Abdominal training wheels
This is not medical advice.
There is a video half way through if you want to skip ahead.
Most of us grew up having to perform sit ups in PE. This wasn’t all that bad, but they weren’t all that great either. They were good at helping with some abdominal isometric strength, and strengthened our hip flexors. That hip flexor strength really helped us lift our knees faster when running.
Sit ups weren’t that great at balancing out our trunk strength. It was heavy work on the front of our spine. Push ups helped plank, or work the back extensors. We were young, and our bodies’ were flexible and resilient, and I don’t think that harmed us. It was certainly better than playing on devices, or the postures we see in some children now.

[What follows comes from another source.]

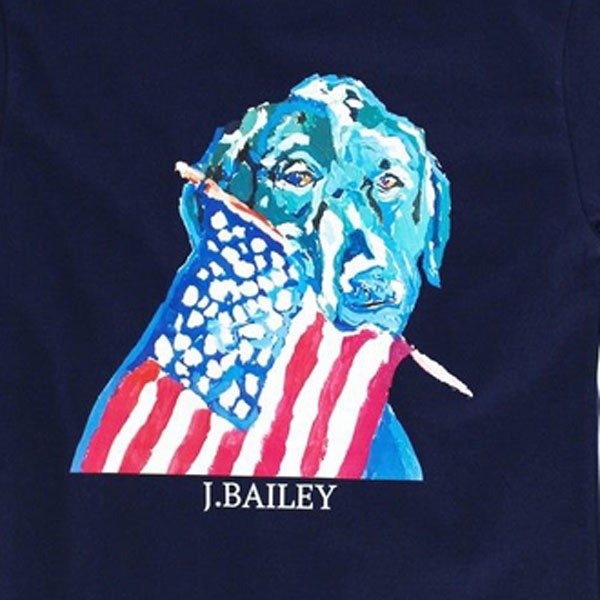 J Bailey Dog Flag Tee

As adults, sit ups or crunches, may not be the best abdominal exercise for someone with lower back pain. Our abdominals were really designed to hold our trunk stable, so that forces could be transmitted between upper and lower body movements. We don’t walk around “crunching.”
Pelvic stabilization
Pelvic or abdominal stabilization progressions can help decrease someone’s lower back pain. .
I often see people with severe lower back pain, and severe looking xrays. Those people cannot tolerate crunches or harder abdominal strengthening. I say strength, but it’s really more about endurance and motor control. .
I have learned that there is always somewhere we can start this process, to be a gentle and pain free progression.
Click here to watch 2 min video on beginner abdominal stabilization
Another good start is this ball co-contract pictured below. Pushing on this ball automatically fires the abdominal muscles. Don’t push so hard that your back hurts. It does not have to be a hard contraction.
Ab wheels
Speaking of abs and wheels, ab wheels are one of the most extreme strengthening devices on the market.
I routinely see people extend all the way out, when their back is not stable enough to bring them back in. If you are going to use this device, I would caution to go slowly, and not very far at first. Concentrate on the stability of the spine as you move forward, and do not go farther than the spine can handle.
Most of the abdominal contraction is in the first half of the movement. After that, the abdominals may be stretched past their ability to stabilize the spine.